2. Toelichting op de GSR

De GSR is een bijzondere voorziening om voorschotfinanciering aan een curator mogelijk te maken. Dit gebeurt door middel van garantstelling en niet via subsidieverstrekking. Een curator kan een garantstellingsaanvraag indienen als hij actie wil ondernemen om geld terug te halen voor de boedel of bestuurders op grond van onbehoorlijk bestuur aansprakelijk wil stellen, maar de boedel leeg is. Een aanvraag wordt getoetst door Justis. Van belang is of een curator vooraf voldoende verhaalsmogelijkheden kan aantonen (1:4) en of het aangevraagde bedrag in redelijke verhouding staat tot de boedelschulden (1:2). De Staat stelt zich in dat geval garant voor een afgesproken maximum garantiebedrag. De Staat verplicht zich tot (terug)betaling van gemaakte kosten als de curator geen of onvoldoende boedelopbrengst heeft weten te realiseren. De GSR is aangemerkt als een risicoregeling en zal daarom in overeenstemming worden gebracht met het Rijkskader voor risicoregelingen, dat tot doel heeft om de financiële risico’s voor het Rijk te beheersen.

3. Samenvatting van het evaluatieonderzoek

De onderzoekers hebben door middel van een beleidsreconstructie twee einddoelen van de GSR vastgesteld. De GSR is bedoeld voor het bestrijden van misbruik van rechtspersonen. Daarnaast is de GSR gericht op het beschermen van de belangen van concurrente schuldeisers. De onderzoekers merken hierbij op dat in de gedachtegang van de wetgever beide doelstellingen min of meer in elkaars verlengde liggen. Volgens de onderzoekers ontbreekt het echter aan een sluitende argumentatie voor het verband tussen de beoogde preventie van misbruik van rechtspersonen en het daarvoor gekozen middel van (civielrechtelijke) aansprakelijkstelling van bestuurders in geval van faillissement. Het behoort tot de kerntaak van de curator om zoveel mogelijk geld voor de schuldeisers te genereren, ook door de bestuurders van de failliete rechtspersoon aan te spreken als daartoe aanleiding is. Door dat te doen levert de curator een bijdrage aan de bestrijding van misbruik van rechtspersonen.

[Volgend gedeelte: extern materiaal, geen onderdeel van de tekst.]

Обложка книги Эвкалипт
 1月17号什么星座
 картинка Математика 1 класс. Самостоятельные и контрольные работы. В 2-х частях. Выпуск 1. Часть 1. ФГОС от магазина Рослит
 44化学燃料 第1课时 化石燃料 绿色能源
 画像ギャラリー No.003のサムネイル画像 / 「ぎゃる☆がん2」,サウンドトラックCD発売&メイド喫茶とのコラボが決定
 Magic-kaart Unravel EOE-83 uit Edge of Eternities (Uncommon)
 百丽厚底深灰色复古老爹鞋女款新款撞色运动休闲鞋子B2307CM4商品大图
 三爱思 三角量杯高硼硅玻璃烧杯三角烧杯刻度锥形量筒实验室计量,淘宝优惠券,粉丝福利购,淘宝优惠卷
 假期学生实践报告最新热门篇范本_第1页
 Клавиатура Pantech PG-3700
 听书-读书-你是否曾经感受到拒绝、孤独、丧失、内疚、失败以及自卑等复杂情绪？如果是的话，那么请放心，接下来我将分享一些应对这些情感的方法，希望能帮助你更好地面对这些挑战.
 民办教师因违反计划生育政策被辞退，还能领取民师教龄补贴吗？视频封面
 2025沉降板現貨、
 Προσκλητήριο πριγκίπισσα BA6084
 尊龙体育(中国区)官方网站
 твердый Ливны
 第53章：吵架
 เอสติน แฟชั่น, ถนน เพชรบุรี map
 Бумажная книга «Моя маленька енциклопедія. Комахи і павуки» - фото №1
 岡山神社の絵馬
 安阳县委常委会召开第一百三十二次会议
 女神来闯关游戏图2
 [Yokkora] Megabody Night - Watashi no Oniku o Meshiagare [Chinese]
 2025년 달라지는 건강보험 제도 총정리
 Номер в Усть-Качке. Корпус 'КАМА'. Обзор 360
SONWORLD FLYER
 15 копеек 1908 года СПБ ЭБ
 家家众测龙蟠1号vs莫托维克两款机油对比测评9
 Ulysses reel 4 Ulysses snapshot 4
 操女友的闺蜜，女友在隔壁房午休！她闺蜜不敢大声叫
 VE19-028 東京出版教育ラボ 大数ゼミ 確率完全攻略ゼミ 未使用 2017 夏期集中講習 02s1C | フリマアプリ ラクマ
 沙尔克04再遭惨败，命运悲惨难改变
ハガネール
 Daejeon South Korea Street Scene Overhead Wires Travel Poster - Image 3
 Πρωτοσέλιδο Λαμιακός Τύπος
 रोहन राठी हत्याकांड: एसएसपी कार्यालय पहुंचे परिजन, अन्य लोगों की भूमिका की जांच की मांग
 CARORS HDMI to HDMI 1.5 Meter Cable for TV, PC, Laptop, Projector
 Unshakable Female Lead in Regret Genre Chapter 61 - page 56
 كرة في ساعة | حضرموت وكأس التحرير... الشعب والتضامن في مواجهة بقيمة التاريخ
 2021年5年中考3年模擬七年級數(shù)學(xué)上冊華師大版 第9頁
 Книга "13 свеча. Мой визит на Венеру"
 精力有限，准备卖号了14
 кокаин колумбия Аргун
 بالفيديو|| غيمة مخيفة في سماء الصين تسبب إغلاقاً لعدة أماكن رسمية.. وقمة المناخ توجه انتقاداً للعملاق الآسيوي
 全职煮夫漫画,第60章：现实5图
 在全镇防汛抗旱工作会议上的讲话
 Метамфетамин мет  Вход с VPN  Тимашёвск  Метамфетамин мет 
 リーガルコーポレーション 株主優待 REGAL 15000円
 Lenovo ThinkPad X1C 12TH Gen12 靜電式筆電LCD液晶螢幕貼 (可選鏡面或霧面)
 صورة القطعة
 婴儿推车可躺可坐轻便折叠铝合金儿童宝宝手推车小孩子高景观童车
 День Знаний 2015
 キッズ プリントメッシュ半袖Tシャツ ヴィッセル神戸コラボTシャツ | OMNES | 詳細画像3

De GSR dient dan «slechts» om de mogelijkheid daartoe te verruimen: de regeling moet «de mogelijkheid vergemakkelijken om malafide bestuurders van rechtspersonen in hun privé vermogen aan te spreken in geval van misbruik van de door hen bestuurde rechtspersoon».

Onderzoekers merken daarnaast op dat juridisch gezien de armslag van curatoren beperkt is als het gaat om het bestrijden van faillissementsfraude. In de jurisprudentie is erkend dat de fraudebestrijding een maatschappelijk belang is dat de curator ook kan meewegen3, maar dit zou er niet toe mogen leiden dat de curator afbreuk doet aan het belang van de gezamenlijke schuldeisers. De curator kan slechts een beroep doen op de regeling als het aanspreken van een bestuurder of een derde, die schuldeisers heeft benadeeld, dienstig is voor de boedel.

In het tweede deel is door onderzoekers ingegaan op mogelijkheden voor aanpassing van de GSR en de mogelijke effecten ervan. Bezien is de implementatie van een premiestelsel vanwege het Rijkskader voor risicoregelingen en de mogelijkheid van uitbreiding met vorderingen vanwege civielrechtelijke bestuursverboden c.q. de zogenoemde Peeters/Gatzenvorderingen en de verruiming van de GSR met faillissementen van natuurlijke personen en personenvennootschappen. Dit wordt per onderdeel toegelicht.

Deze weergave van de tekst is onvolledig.